Down the rabbit hole: how complex do eco-physiological models need to be?
Global temperatures are continuing to rise, and the extreme changes that marine intertidal ecosystems face may make them some of the most susceptible to ocean warming. But how do scientists assess risks to these ecosystems? Many scientists build models. Kish et al. (2016) examined an intertidal mussel found along the west coast of North America. They attempted to model body temperatures of these mussels, but found that modelling using average air temperatures alone provided poor estimates of body temperatures. Rather, they needed a complex biophysical model to even come close. While Kish's team found that modelling mussels’ response to temperature was not simple, their most valuable contribution relates to modelling in general.
Kish et al. tested their models using a model skills test—a similar approach that meteorologists use when determining how much data are required to predict the weather. Kish's team found that ‘none’ of their models were particularly good at predicting mussel body temperatures at any of their field sites. A perfect model would give a reliability score of 1.0, but their models were typically in the area of 0.3. Even more disturbing, their models were least reliable at high temperatures.

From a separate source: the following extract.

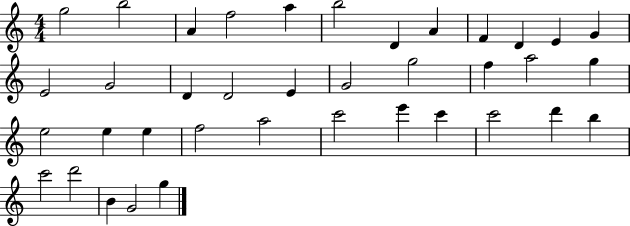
G5/h B5/h A4/q F5/h A5/q B5/h D4/q A4/q F4/q D4/q E4/q G4/q E4/h G4/h D4/q D4/h E4/q G4/h G5/h F5/q A5/h G5/q E5/h E5/q E5/q F5/h A5/h C6/h E6/q C6/q C6/h D6/q B5/q C6/h D6/h B4/q G4/h G5/q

Modelling has become the go-to tool for estimating how organisms or ecosystems will respond to changing environments, especially in the face of global climate change. Everybody wants to build models because they can use them to visualize the impacts concisely and intuitively, often with a colourful map or figure. Kish et al. found that more complex models were better at predicting mussel body temperatures, but so what? Does increasing data resolution and adding complexity always increase model accuracy? And, at what point does a more complex model cease to give us more accurate estimates—a point of diminishing returns?
How far down this never-ending rabbit hole do we need to go?
In pursuit of a perfect estimate of how an organism or ecosystem will respond to environmental change, models often become so complicated, time consuming and data hungry that they are increasingly misinterpreted as results. Moreover, sometimes scientists can have too much data and go too deep into modelling something that does not necessarily address the complex questions that they initially set out to ask. The model skill tests that Kish et al. have explored finally offer our community a way to determine how reliable—or unreliable—our models actually are. Validating these models with independent data is the first step to being able to use these models for practical outcomes. Intertidal mussels provide an interesting study system, but the really important contribution from Kish et al. is a timely reminder that, no matter how finely resolved and well informed, models are still hypotheses. In their own words, this is about ‘the ability of a model to predict a series of defined events’, and they provide new tools for our community to test this.